Here is an update on the Northern Growth Plan. The population of Northern Ontario in 1991 was 822,000. Twenty years later almost 30,000 Northerners had disappeared. The population had fallen to 775,000.
Ontario’s Ministry of Finance expected a population of 803,000 in 2011.
They overestimated by 28,000. Then they went on to predict that the population would grow by another 6,400 over the next 25 years. They’re probably wrong about that, too.
Population numbers matter for Northerners. For example, they tell us that the Northern Growth Plan was based on bad estimates. Northern mayors are right to start working on a plan of their own. They also tell us some interesting things about what the North will become.
They also show that Northern Ontario is on a very different path from our friends in Upper Canada.
Upper Canada—or Southern Ontario as it is sometimes called—is an economic tiger, the absolute heart of the Canadian economy, and it is undergoing an astonishing transformation. It has a population that is expected to grow by 3.5 million over the next 25 years. Upper Canada will have to digest the equivalent of four-and-one-half Northern Ontarios. Try to get attention in Queen’s Park over the next 25 years!
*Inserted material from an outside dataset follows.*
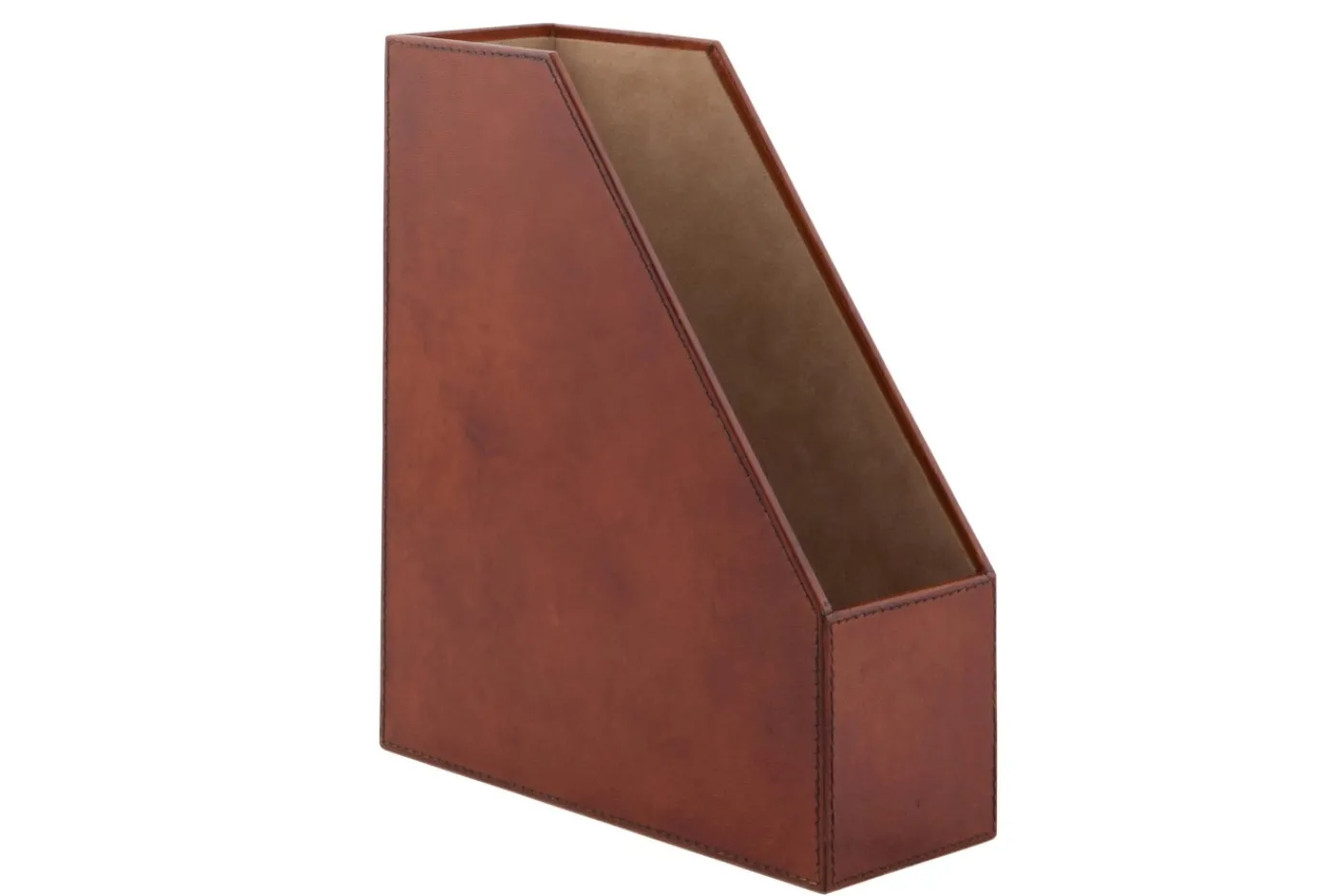 Décoration|Décoration De Bureau<Flamant MANHATTAN, porte-dossier, cuir Brun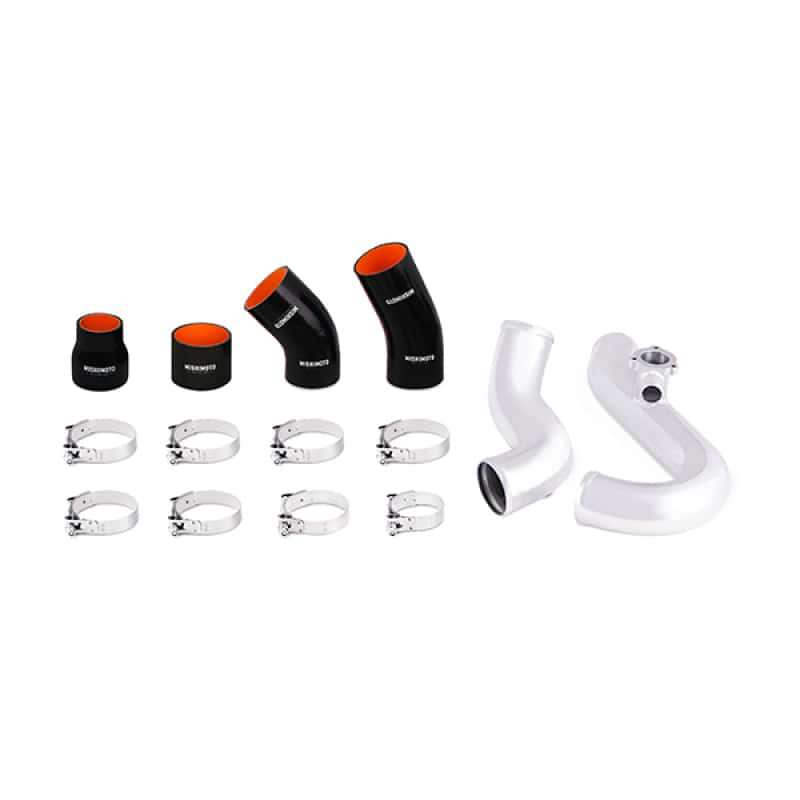 Mishimoto — Mishimoto 2015 Ford Mustang EcoBoost 2.3L Intercooler Polished Pipe and Boot Kit
Turbo Intercool Pipe - view 2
Southern Ontario is growing away from the North culturally, as well. Newcomers to Upper Canada are mostly immigrants who know little about Toronto and nothing about Northern Ontario. They are not so much immigrants to Canada as part of the massive migration to large cities that is taking place all over the world. Upper Canada is becoming something new and very interesting, but at the same time it is losing its memory of the North.
While the South goes one way, the people of Northern Ontario are going through a completely different cultural transformation. Northern Ontario’s population doubled between 1931 and 1961. In those days Northern Ontario was a land of immigrants and opportunity, like Upper Canada is now. It was a society divided by religion, class, race and national origin. Today the population is sliding back to the 1961 level. Thirty years without growth means 30 years of Northerners getting to know their neighbours. Old conflicts have faded. New alliances have formed. Northern Ontario is becoming a society with one foot planted firmly in the traditional resource industries and one foot in the World Wide Web. Northern Ontario is becoming, as they say in Quebec, a “distinct society.”
The population data reveals other changes. The Ministry of Finance has maps that show Northern Ontario divided into four demographic zones. Closest to Toronto, the cottage zone includes Manitoulin, Parry Sound and Nipissing. It will grow by attracting retiring baby boomers. Climate change will let them grow grapes, and the entire region will drift away from old Nouvel Ontario culturally.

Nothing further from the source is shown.